▶ [DATA TO PROCESS]:
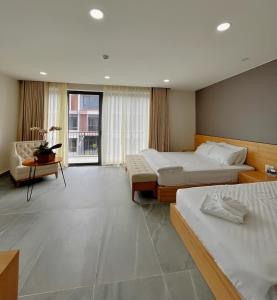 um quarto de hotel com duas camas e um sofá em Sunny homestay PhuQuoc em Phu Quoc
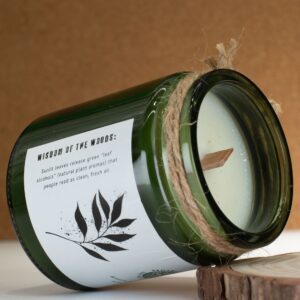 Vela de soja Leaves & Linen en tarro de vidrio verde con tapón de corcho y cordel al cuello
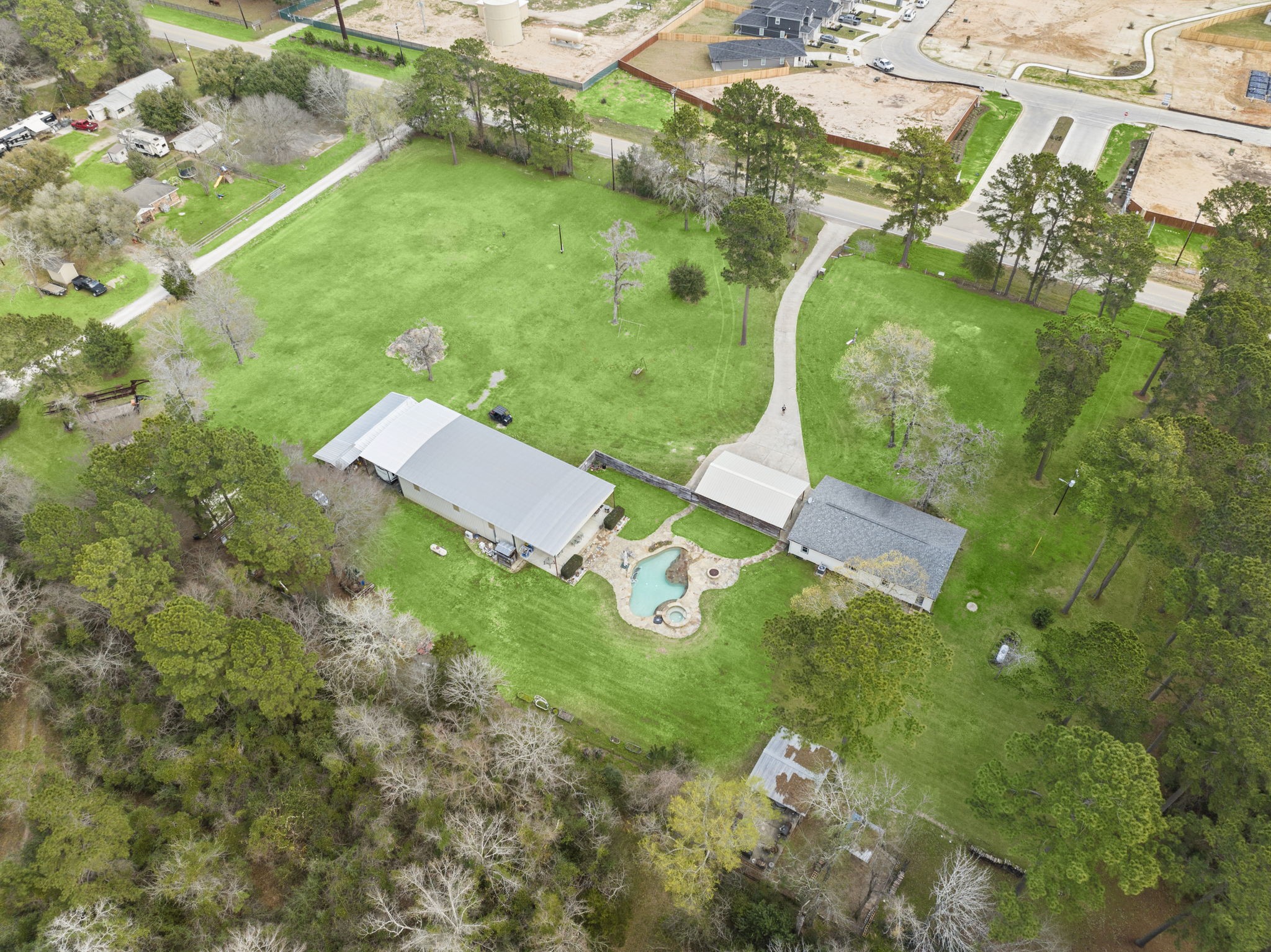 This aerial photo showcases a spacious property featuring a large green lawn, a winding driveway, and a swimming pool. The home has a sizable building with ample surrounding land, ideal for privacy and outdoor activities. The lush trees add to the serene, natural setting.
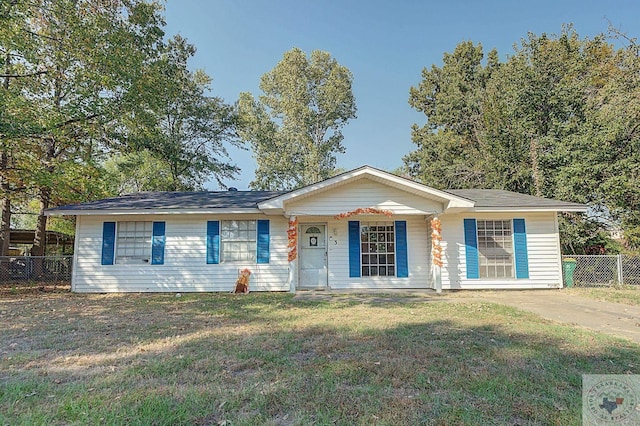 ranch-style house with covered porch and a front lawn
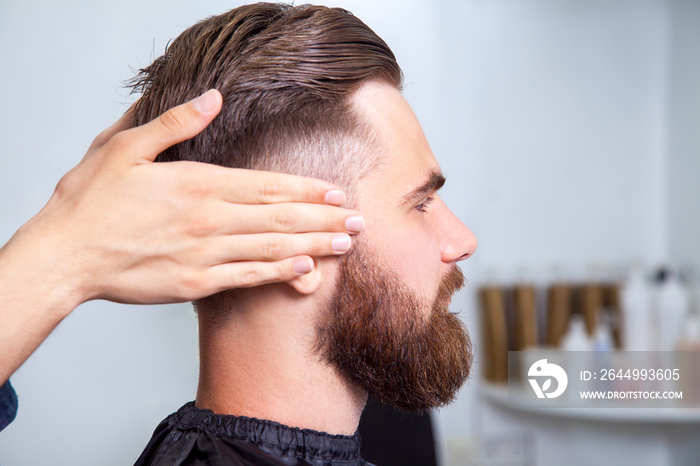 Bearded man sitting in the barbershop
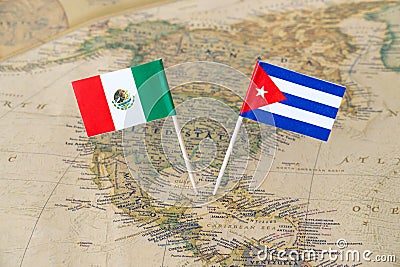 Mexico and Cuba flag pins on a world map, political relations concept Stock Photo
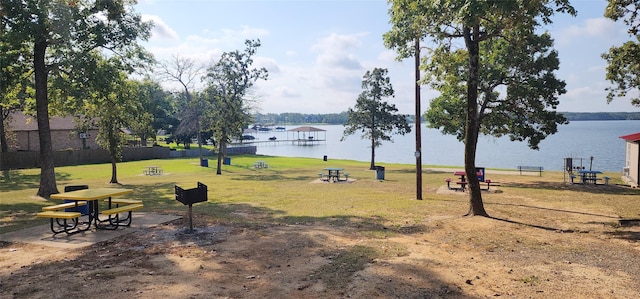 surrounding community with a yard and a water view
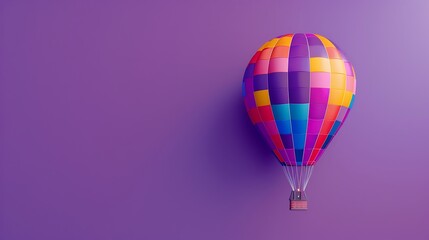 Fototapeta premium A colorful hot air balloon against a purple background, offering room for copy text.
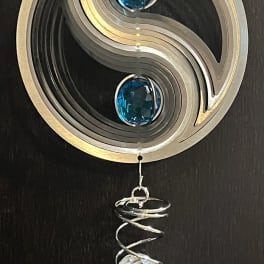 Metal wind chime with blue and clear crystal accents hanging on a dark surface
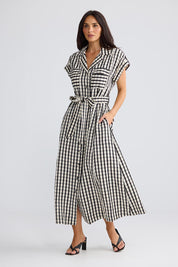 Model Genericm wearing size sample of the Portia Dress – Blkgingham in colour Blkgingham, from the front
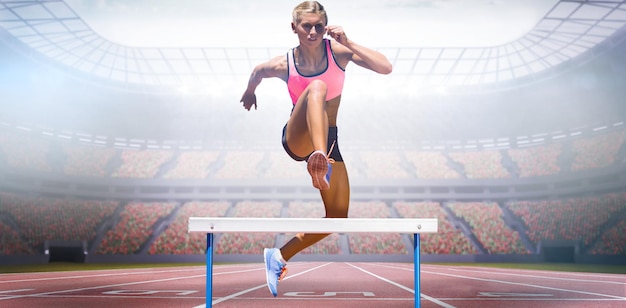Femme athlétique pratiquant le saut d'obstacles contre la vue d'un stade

▶ [EXERCISE AIM]: Above are records; repeat only the lines from the line with "Vela de soja" through the line with "ranch-style house with", and leave pictures out.

▶ [SOLVED PROBLEM]:
 Vela de soja Leaves & Linen en tarro de vidrio verde con tapón de corcho y cordel al cuello
 This aerial photo showcases a spacious property featuring a large green lawn, a winding driveway, and a swimming pool. The home has a sizable building with ample surrounding land, ideal for privacy and outdoor activities. The lush trees add to the serene, natural setting.
 ranch-style house with covered porch and a front lawn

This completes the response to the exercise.